• **What is needed**: The material beneath this line should be printed exactly, with its pictures omitted.

• **Source data**:

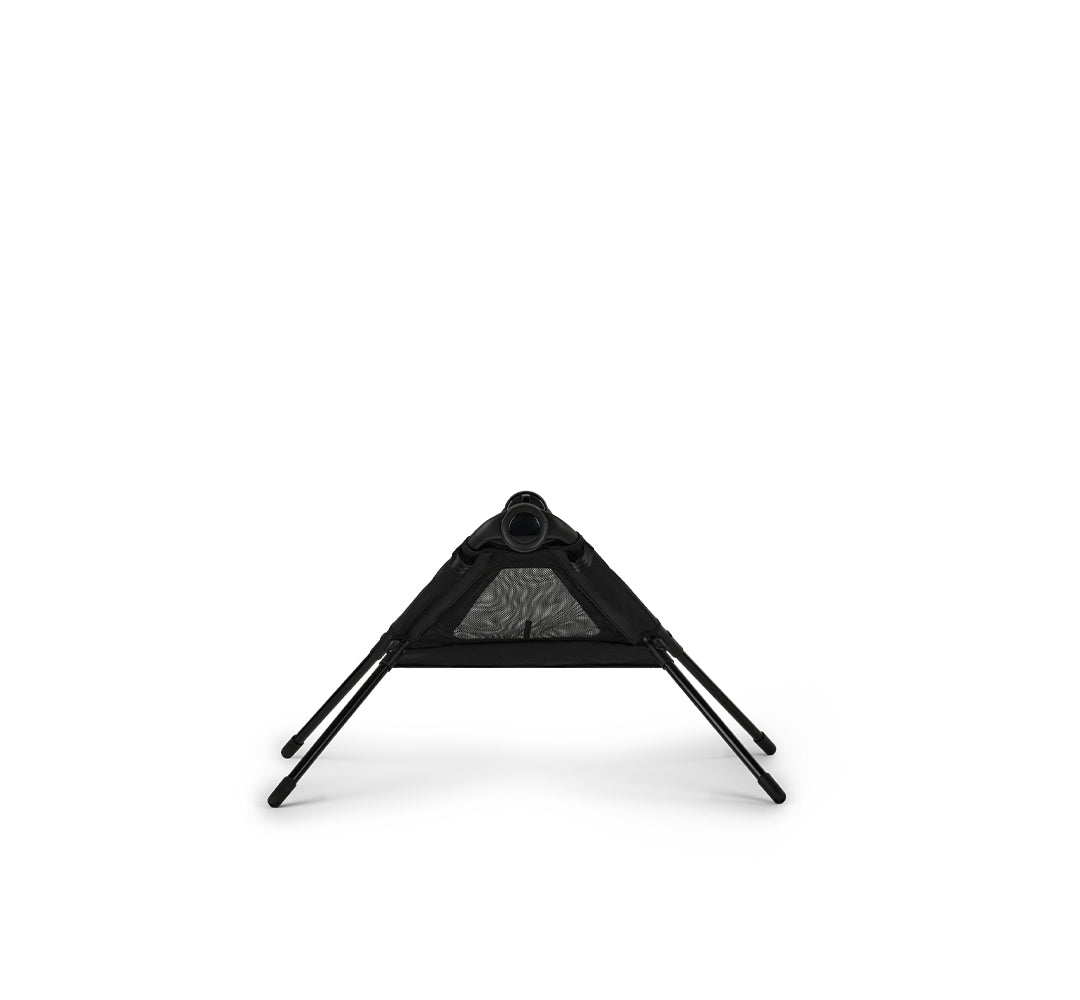Bugaboo Bassinet Stand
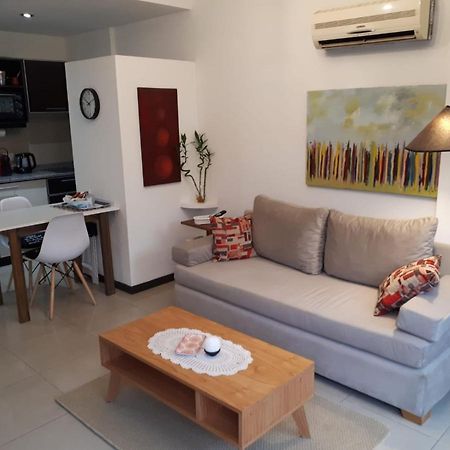 Apartamento Palermo Q. Gurruchaga y la emblemática Corrientes Ciudad Autónoma de Ciudad Autónoma de Buenos Aires Exterior foto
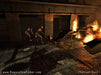 Tom Clancy's Splinter Cell: Double Agent - Greatest Hits (Xbox 360) – játékkép 4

• **Written answer**:
Bugaboo Bassinet Stand
 Apartamento Palermo Q. Gurruchaga y la emblemática Corrientes Ciudad Autónoma de Ciudad Autónoma de Buenos Aires Exterior foto
 Tom Clancy's Splinter Cell: Double Agent - Greatest Hits (Xbox 360) – játékkép 4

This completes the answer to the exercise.